The long awaited peace negotiations between the Rizeigat and Ma’aliya collapsed on Saturday, owing to differences on land rights in East Darfur.

The long awaited peace negotiations between the Rizeigat and Ma’aliya collapsed on Saturday, owing to differences about the rights on land in East Darfur.

The chairman of the Ma’aliya delegation, El Shartai Ibrahim Abdallah Mohamed, told Dabanga that they refused to sign the draft agreement because it contains a paragraph according to which they would lose land to the Rizeigat in the East Darfuri localities of Abu Karinka and Adila.
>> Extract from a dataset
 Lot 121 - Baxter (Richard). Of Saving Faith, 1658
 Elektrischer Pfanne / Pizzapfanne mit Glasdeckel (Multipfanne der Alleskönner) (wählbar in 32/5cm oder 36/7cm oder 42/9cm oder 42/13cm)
“The paragraph states that these lands are considered to be part of the Rizeigat’s customary rights, to which we do not agree,” he stressed. “So the draft agreement was signed by one party only.”

In his speech at the closing session, First Vice-President, Lt. Col. Bakri Hassan Saleh, called on the participants to “listen to the voice of reason, instead of to the devil”.

The conference ended on Saturday after two weeks of negotiations in Merowe, northern Sudan, with a draft accord, in which the two warring tribes commit themselves to mutual amnesty, the settlement of blood money and compensation for the wounded and losses, the return of the affected to their villages, now occupied by the opponents, and the normalisation of life by realising peaceful co-existence.

On 16 August last year, fierce fighting broke out between the two tribes in Abu Karinka locality. Government troops were deployed as buffer forces, to no avail, as three days later clashes erupted in the area of Um Rakuba, reportedly after an attack by Rizeigat on Ma’aliya civilians in the area. Hundreds of people were killed.

In protest “against the continuous attacks by Rizeigat militants” and “the silence of the East Darfur state authorities and the Sudanese government”, Ma’aliya officials working at East Darfur state institutions in September decided to boycott the state politically and administratively.